DeepKnowledge: Generalisation-Driven Deep Learning Testing
Sondess Missaoui, Simos Gerasimou, Nikolaos Matragkas
TL;DR
DeepKnowledge tackles the fragility of DNNs under distribution shifts by grounding testing in knowledge generalisation. It identifies Transfer Knowledge (TK) neurons through activation-distribution analysis and ZeroShot-based domain shifts, then quantifies test adequacy with a Transfer Knowledge Coverage (TKC) criterion that measures how well a test set activates diverse TK neuron clusters. Empirical results show TK-based data augmentation can improve generalisation modestly, while adversarial inputs can boost TKC sensitivity and highlight misbehaviours, with correlations to existing criteria.

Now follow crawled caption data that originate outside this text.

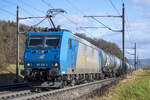 185 535-2 ist mit einem Kesselzug bei Villnachern AG in Richtung Basel unterwegs, aufgenommen am 07.12.2021.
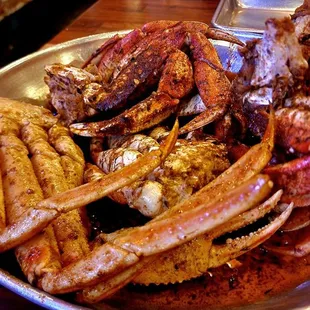 Snow crab legs  ($29) &amp; Dungeness crab ($32)-2/23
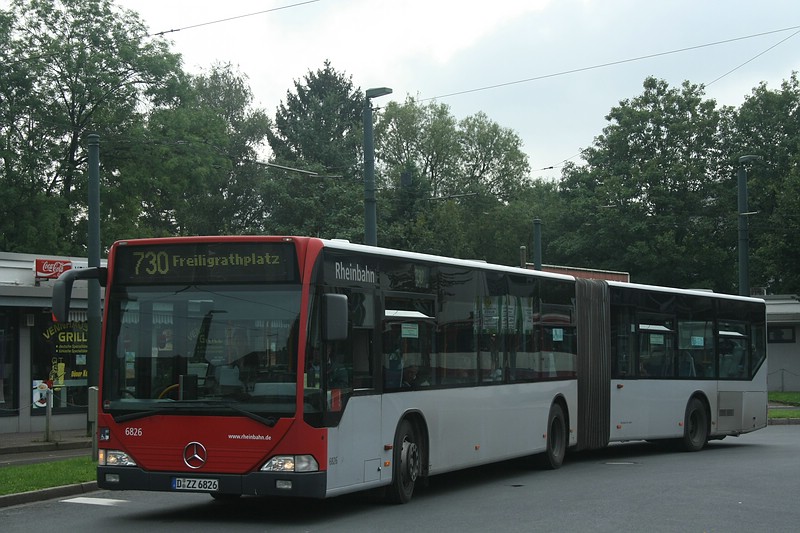 Mercedes-Benz O 530 G (6826) hier als Linie 730 nach Freiligrathplatz, aufgenommen an der Haltestelle  Vennhauser Allee  in Dsseldorf-Eller am 28.07.2011. 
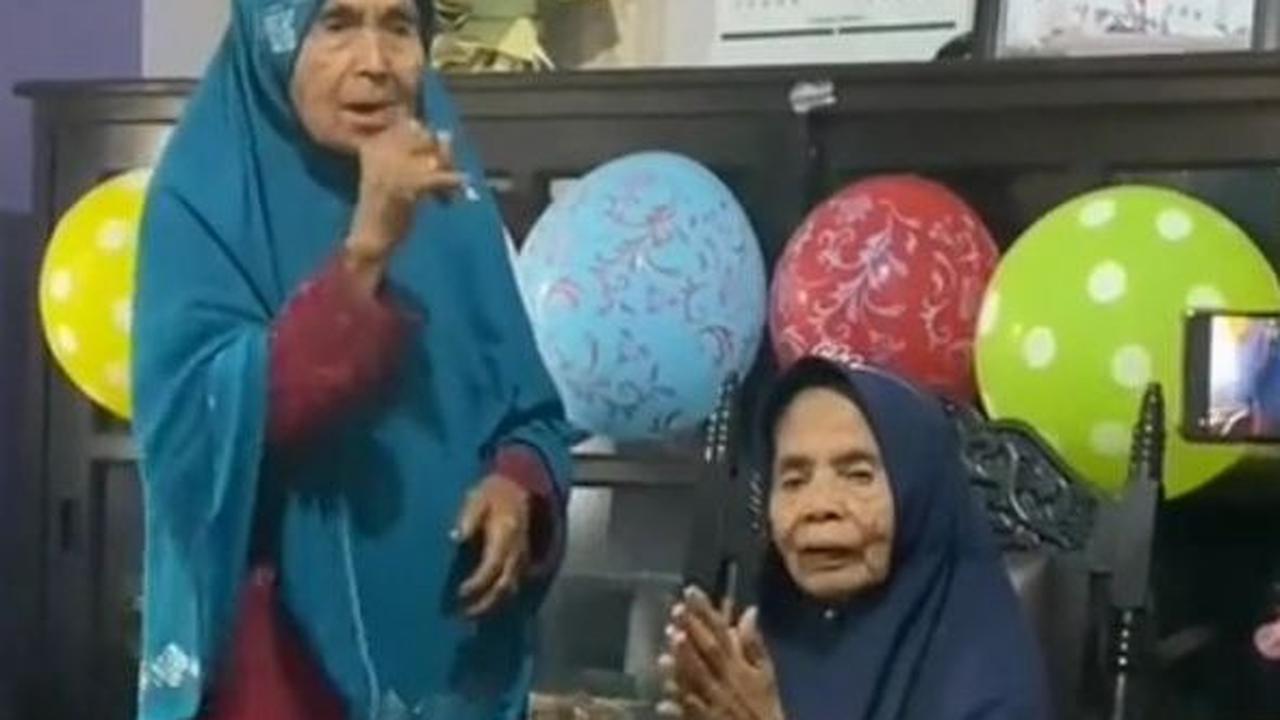 Viral Seorang Nenek Minta Ulang Tahunnya Dirayakan, Intip Momennya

The approach offers a knowledge-driven framework for more dependable DNN testing and points to practical extensions like object detection and automated augmentation.
Abstract
Despite their unprecedented success, DNNs are notoriously fragile to small shifts in data distribution, demanding effective testing techniques that can assess their dependability. Despite recent advances in DNN testing, there is a lack of systematic testing approaches that assess the DNN's capability to generalise and operate comparably beyond data in their training distribution. We address this gap with DeepKnowledge, a systematic testing methodology for DNN-based systems founded on the theory of knowledge generalisation, which aims to enhance DNN robustness and reduce the residual risk of 'black box' models. Conforming to this theory, DeepKnowledge posits that core computational DNN units, termed Transfer Knowledge neurons, can generalise under domain shift. DeepKnowledge provides an objective confidence measurement on testing activities of DNN given data distribution shifts and uses this information to instrument a generalisation-informed test adequacy criterion to check the transfer knowledge capacity of a test set. Our empirical evaluation of several DNNs, across multiple datasets and state-of-the-art adversarial generation techniques demonstrates the usefulness and effectiveness of DeepKnowledge and its ability to support the engineering of more dependable DNNs. We report improvements of up to 10 percentage points over state-of-the-art coverage criteria for detecting adversarial attacks on several benchmarks, including MNIST, SVHN, and CIFAR.